The growing number of poor people (and here I use the term “poor” loosely to include both those living at the subsistence level and those living beneath it) come mainly from the ranks of the middle class–teachers, nurses, and other low-paid workers. The Orbán government’s social policy clearly favors those who belong to the top income bracket. Sociologist Balázs Krémer also wrote a study published alongside that of Ferge in which he demonstrated how the rich are getting richer while the poor are becoming poorer in Hungary. Between 2009 and 2010 per capita income grew on average from 910,000 to 940,000 forints per annum. However, during the same period the incomes of the poorest 10% decreased by 12,000. The top 10%, on the other hand, became 98,000 forints richer and later, when the Orbán government changed the tax law,  they saw their income grow by 314,000 forints per year.

Központi Statisztikai Hivatal, subsistence statistics per household

Központi Statisztikai Hivatal, subsistence statistics per household

According to KSH estimates, a family of four (two working adults and two children) need a minimum of 249,284 forints to maintain themselves on a subsistence level. That means 62,421 per person. A single-person household needs at least 86,000 and a two-person household 150,400 forints. KSH’s table is self-explanatory with the possible exception of  the last three items that refer to pensioners, living alone or with one or two others.

In Hungary 60% of the family income goes for food and shelter. For comparison here are a few figures from the United States. Shelter is a large chunk of the family income here too. About the same as in Hungary or a little more (34%), but an American family spends only 12% of their income on food as opposed to 31% in Hungary.

In addition to the 4 million people in Hungary who live at the subsistence level there are 1,3800,00 people who live below it. That number constitutes 13.8% of the population. So only 46% of the Hungarian population live above the subsistence level.

It’s no wonder that more and more people are seeking a new life abroad. Mostly in Germany and the United Kingdom. Last year Tárki estimated that about 20% of the adult population planned to leave the country. Since then these numbers have only grown. According to some recent polls, half of all high school and university students are contemplating leaving Hungary. Naturally, it is a lot easier to talk than to act. Most of these people will end up staying at home, but the numbers are still very high.

A few months ago György Matolcsy referred to the half a million Hungarians who live and work outside the country. He didn’t give any source, but journalists figured that he must have based his numbers on some statistics that were available only to government insiders. Now we have an official figure from KSH that accounts for part of this “diaspora”: 350,000 people still have a permanent address in Hungary but have been working abroad for some time. Most of these individuals, I suspect, are young people who are still registered as part of the family household.

This brings up an interesting point about the way that KSH calculates its employment statistics. KSH includes among the employed even those who actually work abroad, including the 350,000 people we are talking about here. KSH inquires whether József Kovács, who is living abroad, has a job; if so (and presumably if he’s in another country he is gainfully employed), he is counted among the Hungarian employed. If KSH didn’t include these people in their statistics, the Hungarian unemployment figures would be significantly higher.

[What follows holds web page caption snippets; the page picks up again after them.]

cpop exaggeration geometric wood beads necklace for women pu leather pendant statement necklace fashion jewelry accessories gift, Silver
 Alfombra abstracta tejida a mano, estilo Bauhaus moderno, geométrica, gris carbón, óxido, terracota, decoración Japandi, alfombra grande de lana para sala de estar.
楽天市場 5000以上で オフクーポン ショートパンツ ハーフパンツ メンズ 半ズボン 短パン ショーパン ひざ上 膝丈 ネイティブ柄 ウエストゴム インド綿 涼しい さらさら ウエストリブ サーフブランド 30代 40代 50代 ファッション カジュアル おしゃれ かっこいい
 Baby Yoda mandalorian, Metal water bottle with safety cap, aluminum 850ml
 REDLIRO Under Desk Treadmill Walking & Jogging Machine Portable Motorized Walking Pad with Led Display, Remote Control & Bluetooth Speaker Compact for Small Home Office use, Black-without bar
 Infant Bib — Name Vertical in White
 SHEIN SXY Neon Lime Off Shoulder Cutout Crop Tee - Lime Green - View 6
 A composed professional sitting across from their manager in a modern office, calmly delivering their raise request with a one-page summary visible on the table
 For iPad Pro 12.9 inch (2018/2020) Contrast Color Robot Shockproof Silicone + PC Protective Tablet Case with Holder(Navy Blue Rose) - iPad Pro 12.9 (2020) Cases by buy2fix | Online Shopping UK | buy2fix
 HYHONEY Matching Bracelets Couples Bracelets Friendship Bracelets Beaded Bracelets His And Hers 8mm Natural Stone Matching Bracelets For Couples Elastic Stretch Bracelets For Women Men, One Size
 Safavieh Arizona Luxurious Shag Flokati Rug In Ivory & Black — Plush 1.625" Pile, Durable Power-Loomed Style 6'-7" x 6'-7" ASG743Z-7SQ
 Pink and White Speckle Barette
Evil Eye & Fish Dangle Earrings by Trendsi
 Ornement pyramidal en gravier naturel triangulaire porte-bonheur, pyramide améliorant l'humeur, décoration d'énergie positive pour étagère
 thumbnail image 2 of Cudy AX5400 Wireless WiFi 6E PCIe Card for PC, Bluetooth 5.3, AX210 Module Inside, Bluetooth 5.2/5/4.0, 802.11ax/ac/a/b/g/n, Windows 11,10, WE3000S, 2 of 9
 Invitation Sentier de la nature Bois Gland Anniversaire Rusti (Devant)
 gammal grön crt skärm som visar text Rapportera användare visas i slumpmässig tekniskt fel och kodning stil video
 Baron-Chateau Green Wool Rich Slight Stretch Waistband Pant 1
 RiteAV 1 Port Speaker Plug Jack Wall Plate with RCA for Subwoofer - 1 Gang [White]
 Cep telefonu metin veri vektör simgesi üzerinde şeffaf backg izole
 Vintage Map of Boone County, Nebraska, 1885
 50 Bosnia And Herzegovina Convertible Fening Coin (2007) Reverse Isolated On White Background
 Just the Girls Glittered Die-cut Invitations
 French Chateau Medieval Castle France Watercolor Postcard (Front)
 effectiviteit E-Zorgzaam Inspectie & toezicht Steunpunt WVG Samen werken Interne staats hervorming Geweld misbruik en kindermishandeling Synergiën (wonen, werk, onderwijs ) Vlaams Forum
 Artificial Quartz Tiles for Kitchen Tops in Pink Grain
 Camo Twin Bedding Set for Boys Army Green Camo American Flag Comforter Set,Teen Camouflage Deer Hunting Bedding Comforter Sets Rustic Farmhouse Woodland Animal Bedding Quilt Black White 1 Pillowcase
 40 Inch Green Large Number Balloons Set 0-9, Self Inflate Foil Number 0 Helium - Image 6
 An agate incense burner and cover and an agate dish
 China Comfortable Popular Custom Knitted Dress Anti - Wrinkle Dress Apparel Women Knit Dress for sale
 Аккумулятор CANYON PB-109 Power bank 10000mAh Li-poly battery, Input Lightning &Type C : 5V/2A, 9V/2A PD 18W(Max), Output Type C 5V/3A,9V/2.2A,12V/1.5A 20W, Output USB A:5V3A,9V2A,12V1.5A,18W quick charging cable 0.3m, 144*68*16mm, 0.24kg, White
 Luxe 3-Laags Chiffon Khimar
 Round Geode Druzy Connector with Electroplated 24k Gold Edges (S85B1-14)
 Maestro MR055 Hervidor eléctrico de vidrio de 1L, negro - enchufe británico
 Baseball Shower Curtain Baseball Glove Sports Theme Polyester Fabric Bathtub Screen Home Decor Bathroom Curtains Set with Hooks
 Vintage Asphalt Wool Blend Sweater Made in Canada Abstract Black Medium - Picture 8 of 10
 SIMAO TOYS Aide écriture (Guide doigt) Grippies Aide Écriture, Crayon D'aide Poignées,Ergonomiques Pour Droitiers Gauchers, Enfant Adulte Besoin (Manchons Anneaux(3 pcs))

Hungary has seen modest employment gains in the public sector due to the public works program.  But the salaries that workers in this program receive are way below the official minimum wage and are only about half the subsistence level for an individual. (And since only one member of a family is eligible for public works, he’s earning less than 20% of what a family of four would need to subsist on.) Yesterday Zoltán Kovács, undersecretary in charge of the public works program, refused to answer Olga Kálmán’s question as to whether 43,000 forints, the salary of a full-time (40 hours per week) public worker, is enough to live on. The interview is already available on YouTube.

Given the economic realities in today’s Hungary, I don’t expect any improvement in the living standards of Hungarians in the near future. And I think we should anticipate an even higher emigration rate, for both economic and political reasons.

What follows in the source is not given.